After the Chargers scored on their first drive of the second half, "He's yelling, 'Y'all don't think we're out of this' to the Bengals," Hardwick said, mimicking Rivers' Southern drawl. "When he said that, I said, 'Shoot, I guess we ain't out of this. Right on.' "
Once Schottenheimer took off the training wheels, Rivers didn't waste any time burning rubber as the replacement for the departed Drew Brees.
And to think, the Chargers had been so conservative with Rivers that he threw only 11 passes in his first start.
"I look back on those weeks, Pittsburgh, at Cincinnati, Denver, that whole stretch there where we're throwing it all over the place, coming from behind," said Rivers, an Athens High graduate and a Decatur native. "Those games are a lot of fun. I think the more you play, obviously the more opportunities to throw it around and cut it loose you get."
As good as Rivers was in being voted to the Pro Bowl in his first season as starter, the Chargers expect a more polished performance this year.
The big passing days stood out when Turner watched the films from last season. That's when the Chargers were an NFL-best 14-2 and scored a league-high 492 points before flaming out in their playoff opener.
"He's going to have a lot of games like that because he's so smart, he sees the field — he's got as good a vision as any guy I've been around — he's extremely, extremely accurate," Turner said. "And he's got a good supporting cast."
Rivers wants to be more consistent this year after slumping in December. He threw for just 97 yards in a home win against Kansas City. The next week he completed just 10 of 30 passes at Seattle, although his last one was a game-winning, 37-yarder with 29 seconds left.
"I hit that lull a little bit," Rivers said. "I mean, I've never been 10-for-30 in my life. Some games like that were tough to get through, but I think it says a lot about our team that the quarterback can struggle for three, four weeks and win all four."
Rivers said he was "out of whack for a while" — anticipating too much, leaving the pocket early and not letting plays develop.
"I think that little spell has passed," he said.
Rivers finished last year with 3,388 yards and 22 touchdowns, with nine interceptions.

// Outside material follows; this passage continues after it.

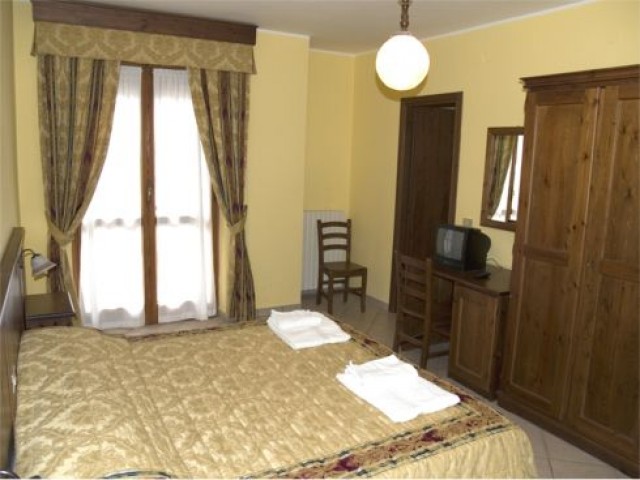 HOTEL LONDRA * * * Mairatal  - Wintersport Alpin - Via Borgo Villa 39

"Experience is the biggest teacher," Tomlinson said. "He's going to make a dramatic improvement just because of some of the stuff he's seen and also having Norv to coach him a little bit more. I think he showed that he can be an elite quarterback in this league."
Hardwick agreed, saying Rivers should make crisper reads and fewer mental mistakes now.
"You can just tell he knows the offense inside and out now," Hardwick said. "He doesn't even have to think about it. He's just popping things off in the huddle. No questions; he's just very clear about everything."
Although he was 58-82-1 in previous head coaching stops at Washington and Oakland, Turner was acclaimed as an offensive coordinator, especially with Dallas in the early 1990s. A quarterback at Oregon in the early 1970s, his tutelage is expected to help further Rivers' development.
"It's funny — we think a lot alike," Rivers said. "A lot of times he gets going on a play and I can finish it for him. We really have the same take and thoughts on the game and the quarterback position. That's a big positive because he's going to be calling the plays and I need to know what he's thinking."
As the Chargers try to rebound from their playoff loss to New England, Rivers is looking forward to a fast start and Turner's creativity.
"Week One we ought to be ready to roll, to cut it loose and not feel like we're in Week One," Rivers said. "Feel like we're in Week 18, I guess, coming right off the New England game, but with some more. I just think we have the ability to do that, and we have the right guys, smart guys."